Sen Jake Garn (R-Utah) said Inman was "the most direct and forthcoming witness" to come before the committee in recent years and praised the admiral for "never hedging his opinions or worrying about politics." Inman's directness and knowledge are the characteristics that have won him so much praise. The admiral tried to take it in stride yesterday, telling the panel members that "I hope we'll both feel at the end of two years that it was the right choice."
The NSA director presides over some of the nation's most sensitive communications monitoring and code-breaking equipment. But at the CIA the intelligence chores are even broader. Under questioning by the committee yesterday, Inman said he was worried most about the manpower problems in the intelligence community.

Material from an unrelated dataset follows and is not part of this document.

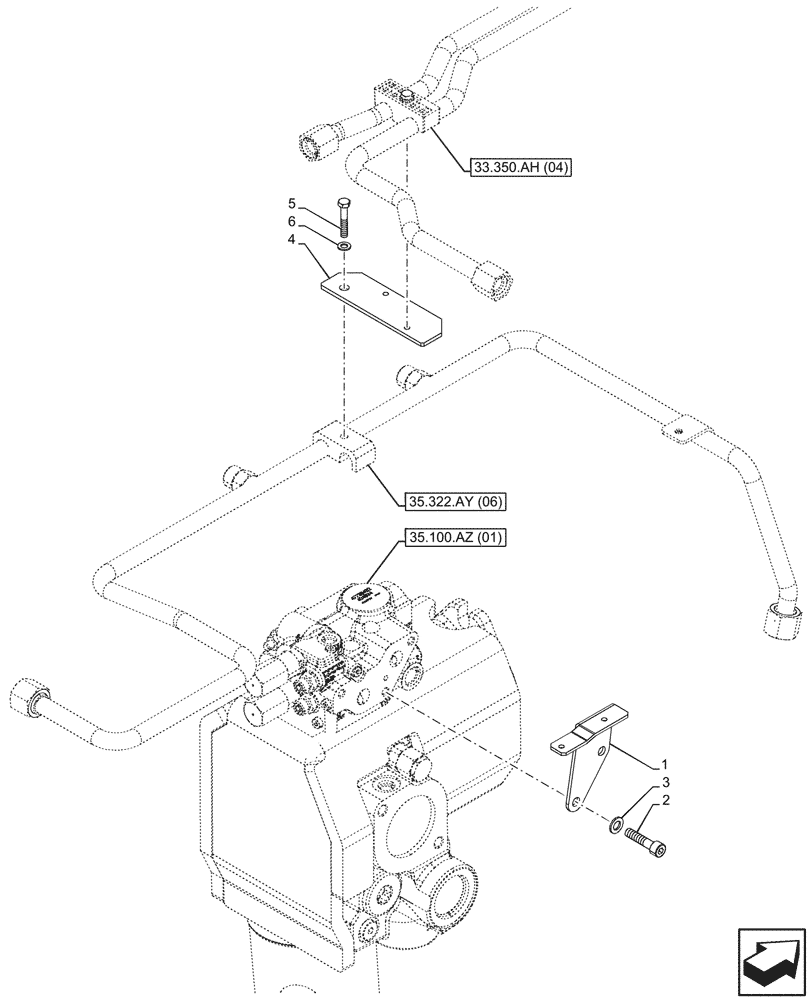 Схема запчастей Case IH PUMA 185 CVT - (33.220.AM[08]) - VAR - 337481, 337484, 337488 - PNEUMATIC TRAILER BRAKE, PIPE, W/O ANTILOCK BRAKING SYSTEM (ABS) (33) - BRAKES & CONTROLS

For a variety of reasons -- some related to the costs of Vietnam and the expense of equipment -- intelligence manpower levels, particularly the number of experienced analysts, have steadily eroded over the last eight years, Inman said, adding that he hopes for some "redress" despite the federal hiring freeze. He said it was vitally important to have more analysts who understand cultures, religions, politics and economics and who speak languages. There is simply no substitute for that in terms of making sense of the information gathered, he said.
Inman believes there is a "generation gap" in the intelligence community caused by the retirement of officials who joined in the post-World War II era. He said there was a need for keeping specialists in the same job without sacrificing their promotion prospects. The U.S. capability for understanding foreign languages and cultures "is poor and getting worse," he said, as there are fewer Americans who speak a second language at home.
Pointing out that there are many young people with the aptitude to learn languages, but that it takes years of training, Inman said one of his jobs will be to improve ties with the academic community. He suggested the intelligence community might have to find ways to recruit and train language students, even if it requires sponsoring programs in universities.
Inman said current U.S. intelligence capabilities are "outstanding" when it came to counting things, such as enemy missiles, by technical means and "very impressive" in terms of providing warning time. But in assessing trends, U.S. agencies do less well. There are areas of the world where problems often develop rapidly and where there is scanty intelligence collection, he said.
Though Washington has a "fairly significant lead" over Moscow on the technical side of data collection, the Soviets apply about three times as much manpower to solving intelligence problems, Inman said. The admiral said the best U.S. intelligence capability is in the military field and that it comes from higher standards forged by competition. Inman said he would "urge strongly" against any move to consolidate intelligence analysis among the various agencies.
In response to a question, Inman said the suggestion, which occasionally surfaces in the press, that the U.S. intelligence community overestimates the Soviet threat to push for higher military budgets is "flatly wrong."
On "rare occasions," he said, intelligence assessments have overestimated Soviet strengths, but on many more occasions, he said, the U.S. estimates have proved to be too conservative.